“En Turín, como saben todos, la vida pública se desenvuelve del modo más arcaico y gracioso. Cualquier matón puede pasar por un gran hombre, cualquier hedor de vertedero se convierte en un hecho político de primer orden. No existe contención, no existe la crítica. Existe el bombo, la adulación más llana y empalagosa. No en vano es famosa Turín por sus peladillas: todo rebosa azúcar, y fragancia de agua de rosas.

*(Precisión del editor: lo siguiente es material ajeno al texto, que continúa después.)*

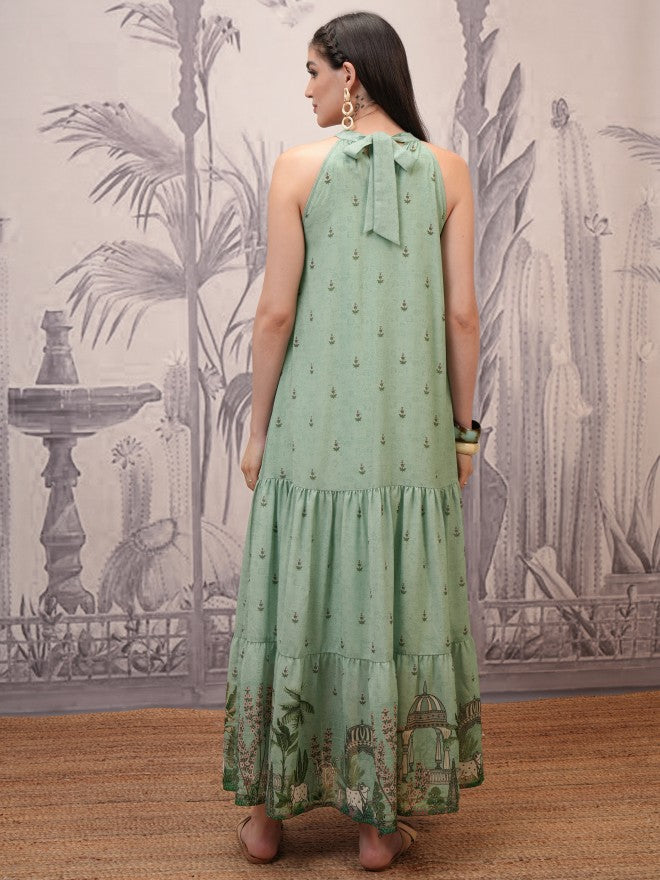Vishudh Women Green Printed Maxi Dress - Green - Image 3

Nosotros, los perros rabiosos, nos hallamos dentro de este corral de pavos hinchados y altaneros y, como los humanos apenas nos respetan y no nos dejamos deslumbrar por el brillo de las plumas, ahuyentamos a no poca gente y nos ganamos un montón de improperios y maldiciones. ¡Vaya! ¡Cuánto cacareo por unas personas que no importarían y que sólo hablan para los proletarios! Evidentemente, entienden que nuestras dentelladas no son casuales y que nuestra rabia tiene un propósito claro.
Nos llaman “perros rabiosos”: ¡muy bien! Son los perros rabiosos los que, recorriendo las calles de la ciudad bajo el flagelo de la canícula, obligan a las señoritas de las aceras a correr, a levantar sus falditas y a mostrar sus repugnantes calzones.”